House to House
A groundbreaking NIST study takes a close look at the devastating Waldo Canyon Fire, and offers recommendations for wildland/urban interface preparedness
BY JESSE ROMAN
Late in the afternoon on June 26, 2012, the Waldo Canyon Fire crossed a mountain peak and descended a ridge to begin its assault on the Colorado Springs neighborhood of Mountain Shadows. By the time the fire front reached the community, firefighters had difficulty seeing the hoods of their vehicles through the thick smoke. For the next five-plus hours, the fire tore through the neighborhood, destroying 344 homes—more than a home a minute—and damaging about 100 more. The fire killed an elderly couple, and caused an estimated $454 million in insured losses.

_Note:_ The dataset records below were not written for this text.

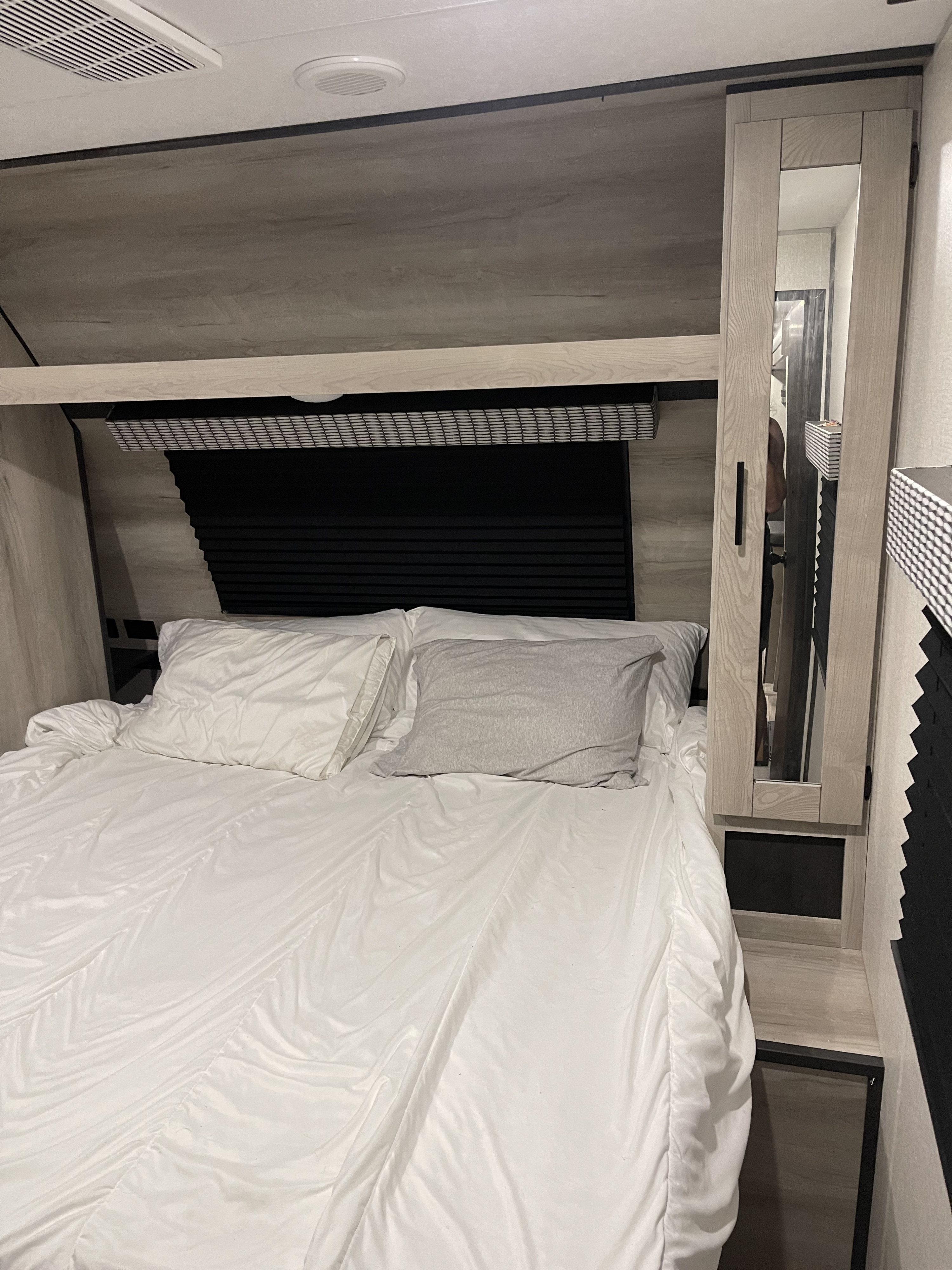 Relax in this RV rental bedroom: a comfy bed, functional overhead storage, a mirrored cabinet, and window blinds.. KZ Connect 322BHK 2022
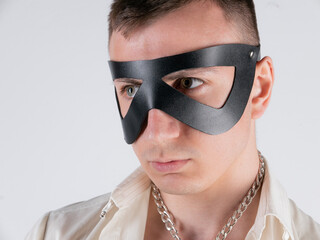 white man with a short haircut in a bdsm leather mask on a light background
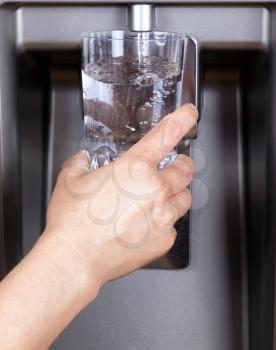 Hand holding drinking glass while being filled with filtered water from refrigerator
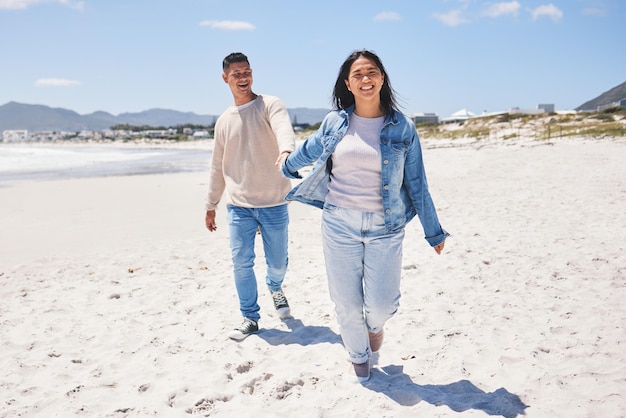 Love happy and holding hands with couple at beach for travel summer vacation and romance together Smile relax and bonding with man and woman walking on seaside holiday for care date or honeymoon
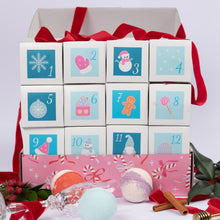 Load image into Gallery viewer, A Christmas advent box with 12 numbered gift boxes arranged in a grid, tied with red ribbons, with colorful bath bombs, cinnamon sticks, and holiday greenery in the foreground.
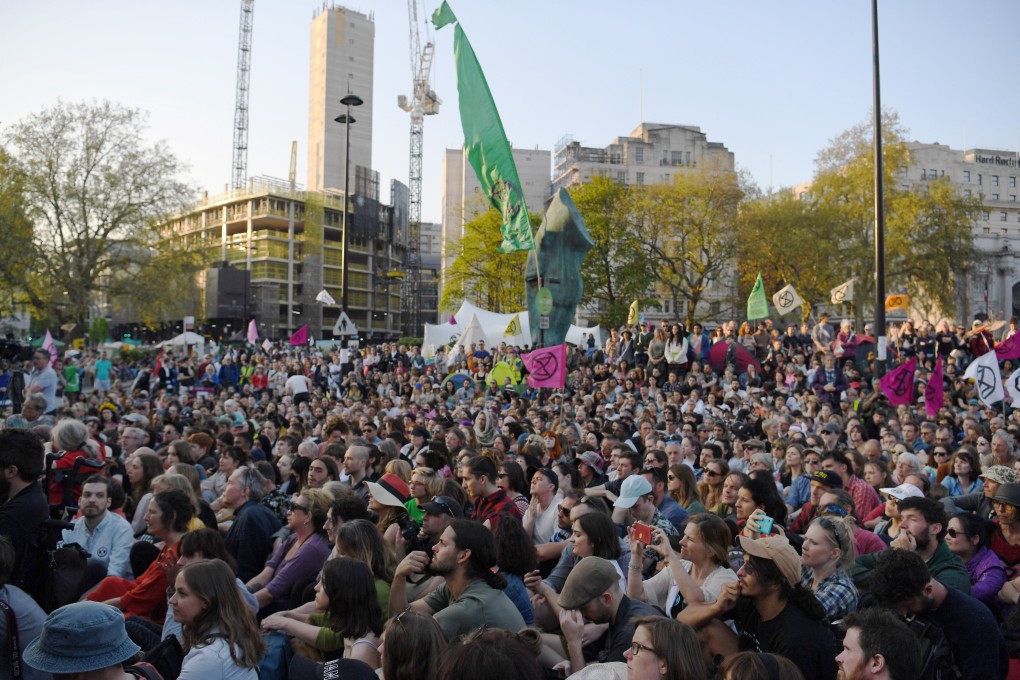 Crowds watch as Swedish schoolgirl climate activist Greta Thunberg speaks during an Extinction Rebellion protest in Marble Arch, central London. Photo: EPA-EFE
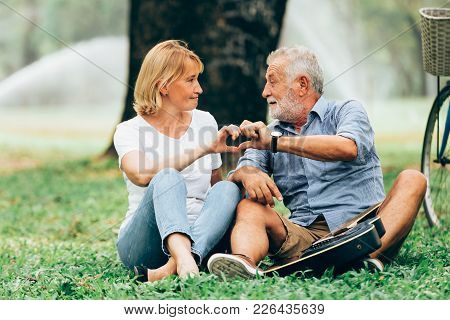 Senior Couple In Love Show Hand Made Heart Shaped Icon Sitting On Grass In The Park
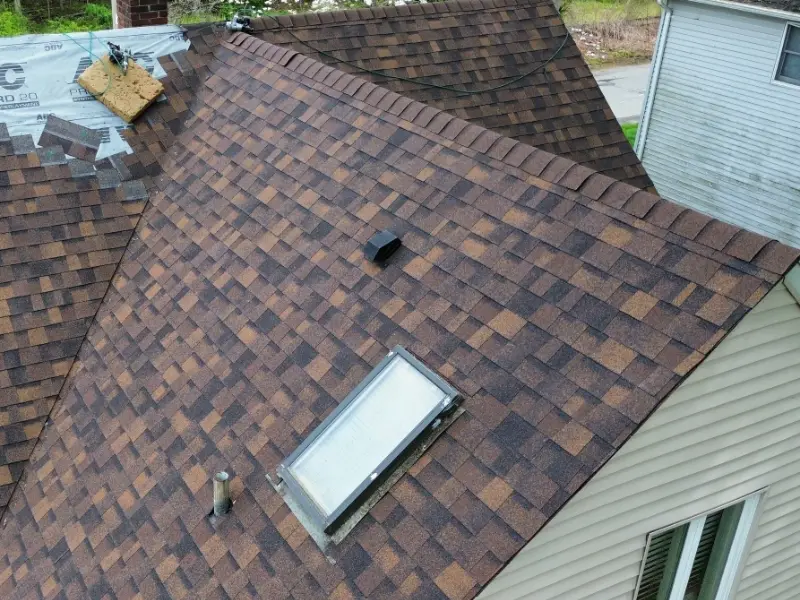 New architectural shingle roof with a skylight, replaced by Herts in Norwood NJ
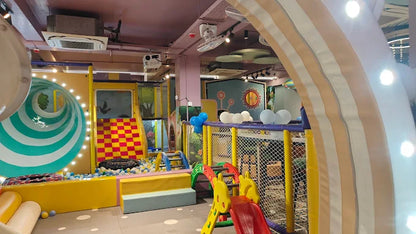Colorful indoor playground with slides and play structures.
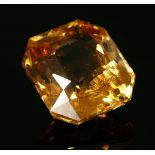 An unmounted hessonite garnet,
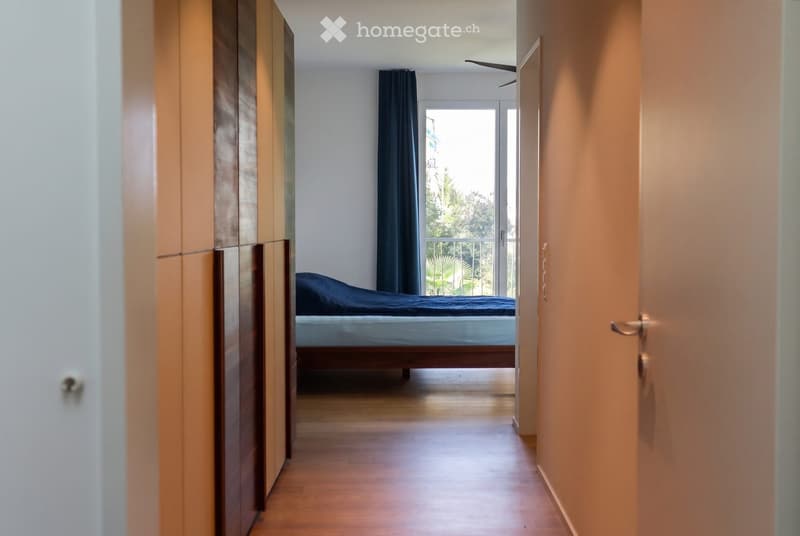 A modern bedroom with a wooden floor, a bed with blue bedding, a wardrobe, and a large window with dark curtains leading to a balcony.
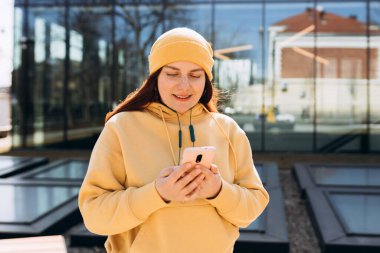 Güzel, kızıl saçlı, mutlu bir gülümsemesi olan bir kadın elinde cep telefonu olan bir şehir sokağında duruyor.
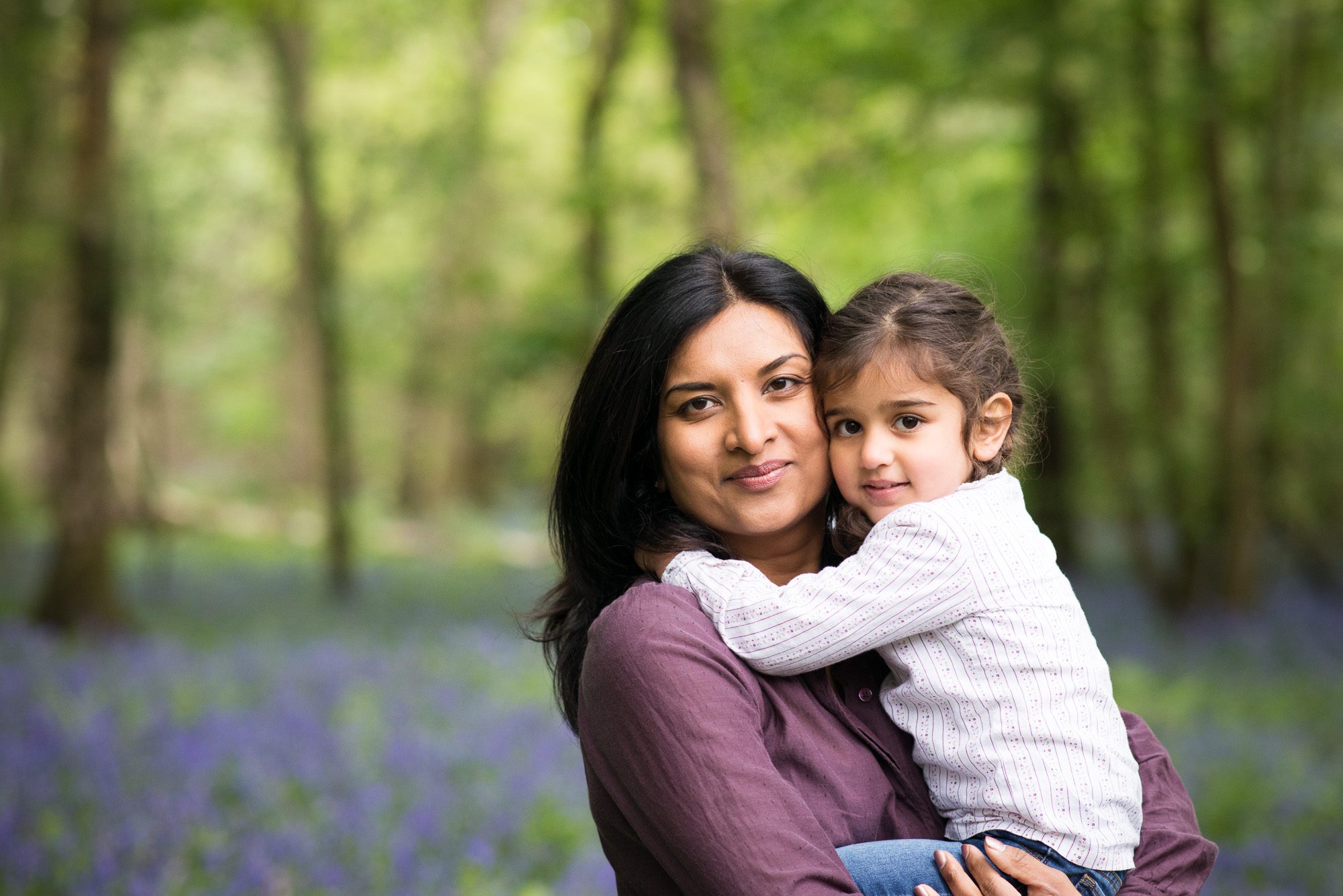 Mother and child portrait in the bluebell woods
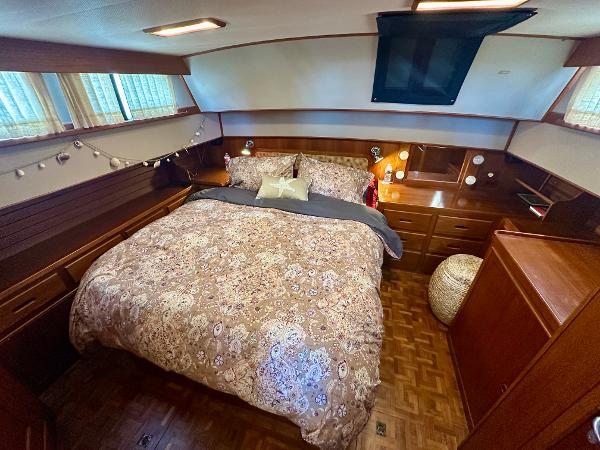 Cozy bedroom in 1994 Grand Banks 42 Classic yacht with elegant wood finish.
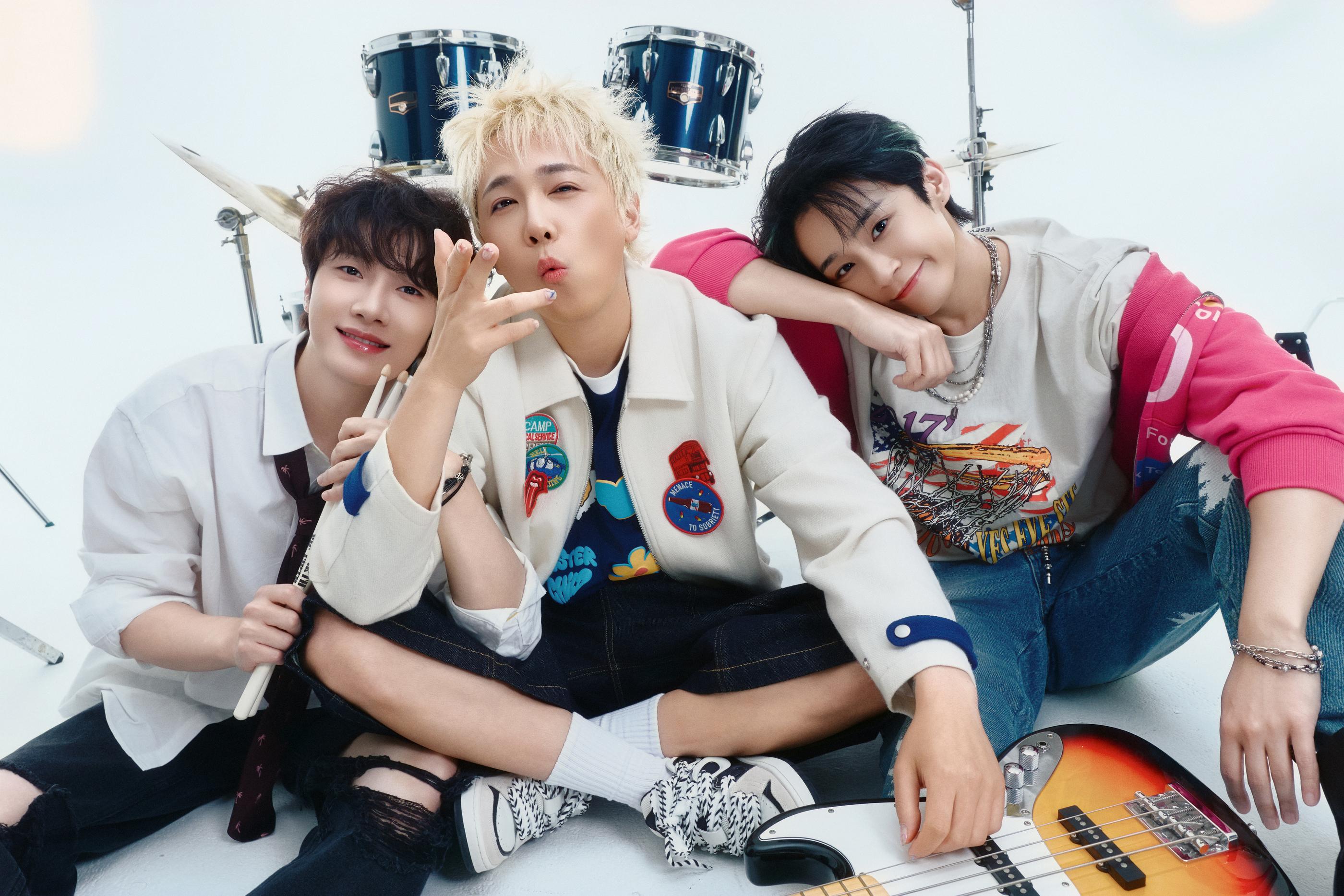 three young performers sitting cross-legged on studio floor with drum kit and electric bass, casual festival-style outfits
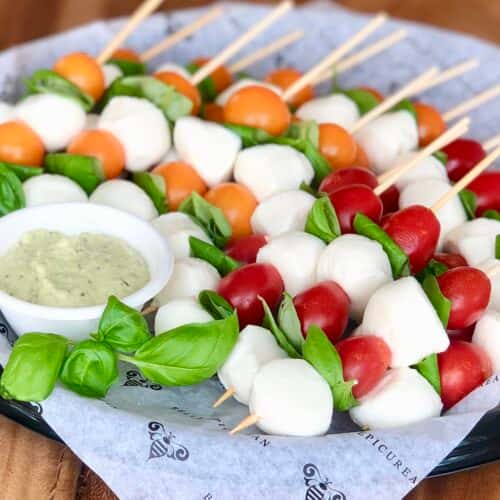 A platter of skewers with mozzarella balls, cherry tomatoes, and fresh basil, served with a side of dipping sauce.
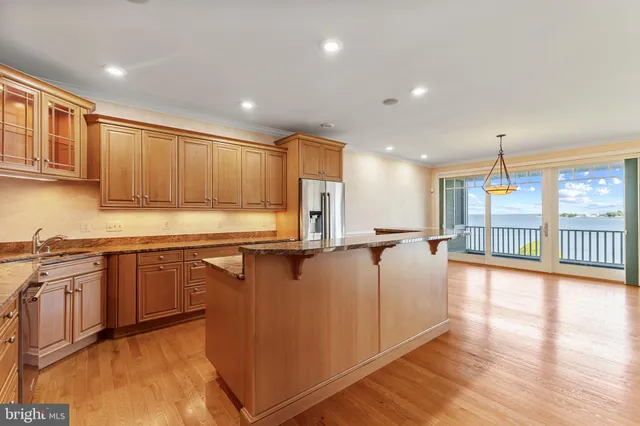 a kitchen with a stove a sink and a refrigerator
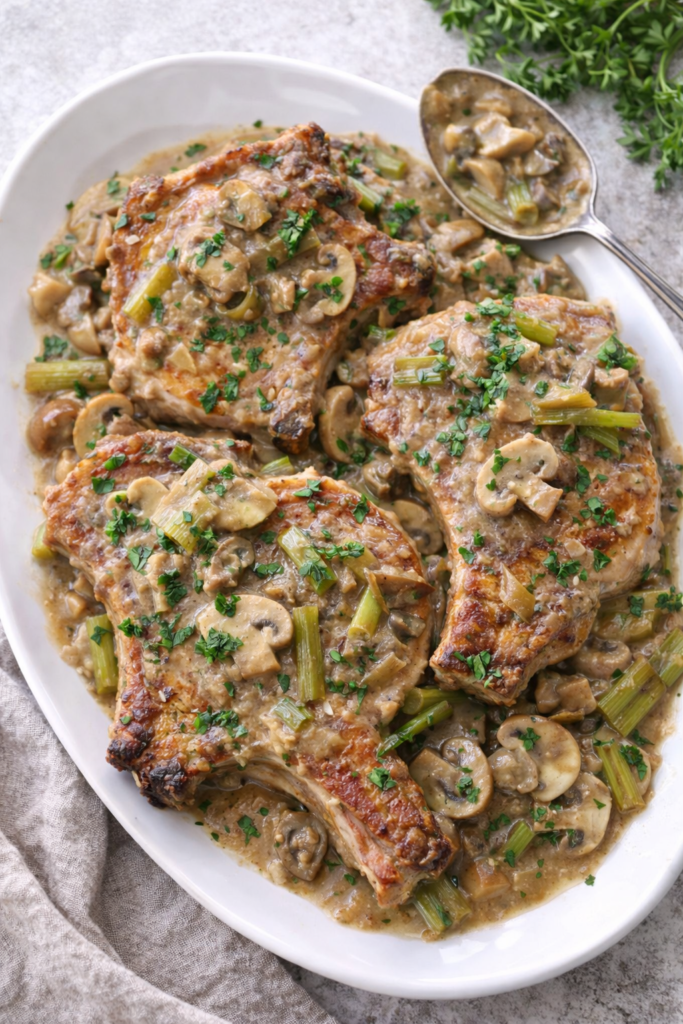 Pork chops served on a white platter with creamy mushroom and onion gravy spooned over the top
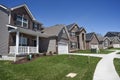 Row of two-story new residential homes for sale side by side in new subdivision grass yards and garages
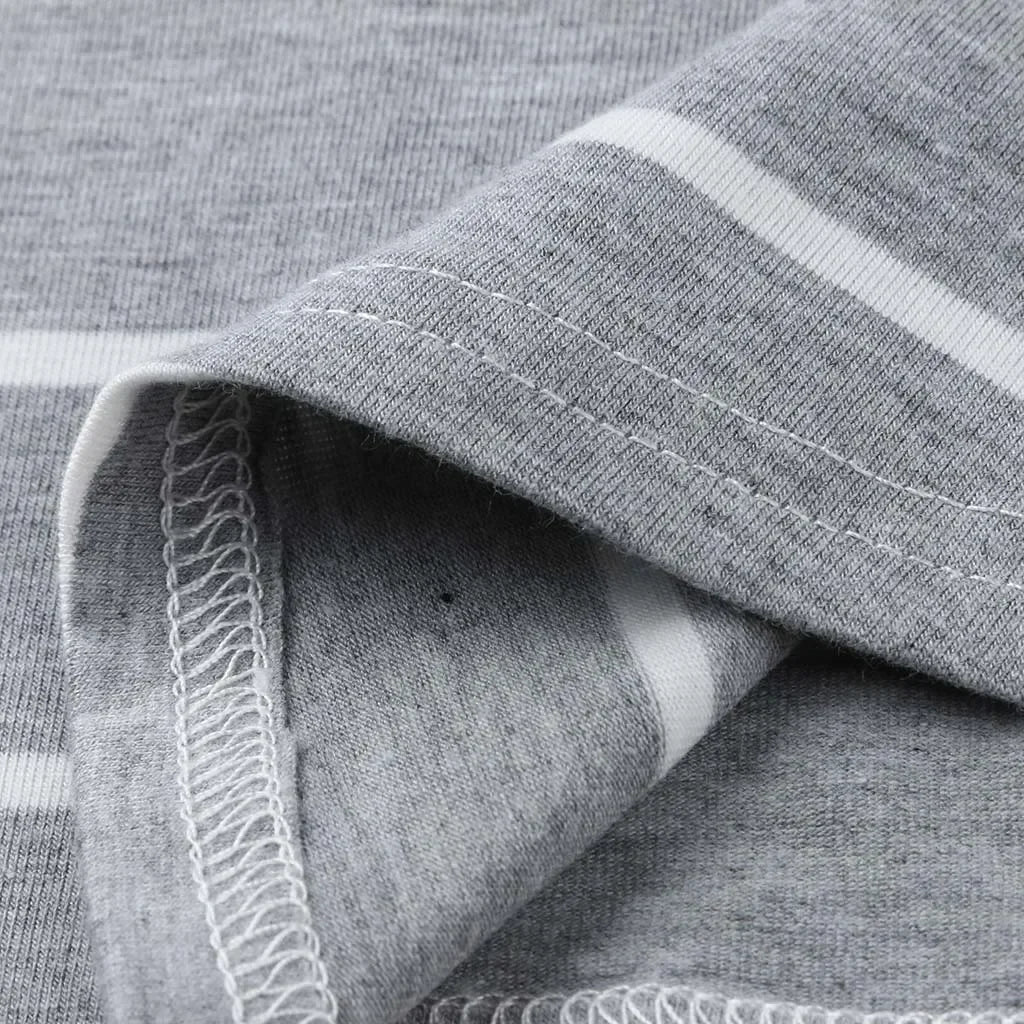 Close-up of gray striped fabric showing soft texture and stitching details for a nursing dress.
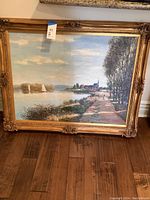 Overall view of framed painting showing water, sailboats, pathway and village under a sky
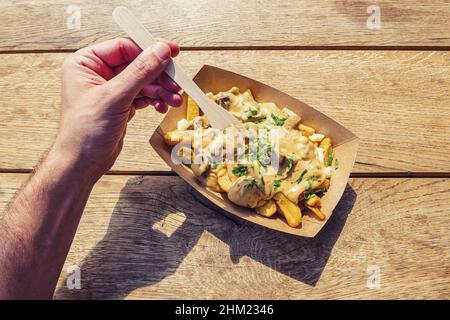 Man hold a fork to eat ench fries with mushrooms sauce on a wooden table, point of view shot. Stock Photo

“Think of the fire moving through the community as water rolling downhill—it finds the path of least resistance, in this case ignition vulnerabilities,” said Alexander Maranghides, a fire protection engineer at the National Institute of Standards and Technology (NIST). “In the aftermath, what we saw was the result of a combination of exposures, ignition vulnerabilities, and defensive actions.”
That Maranghides reflexively distills the fire into a series of cause and effect variables is to be expected. He and four NIST colleagues spent two years documenting exactly how that combination of factors shaped the fire’s path through Mountain Shadows, and recently released a 227-page case study of the fire. The study, “A Case Study of a Community Affected by the Waldo Fire—Event Timeline and Defensive Actions,” is likely the most comprehensive examination of a wildland/urban interface (WUI) fire ever, according to NIST, and one of the first based on quantitative analysis.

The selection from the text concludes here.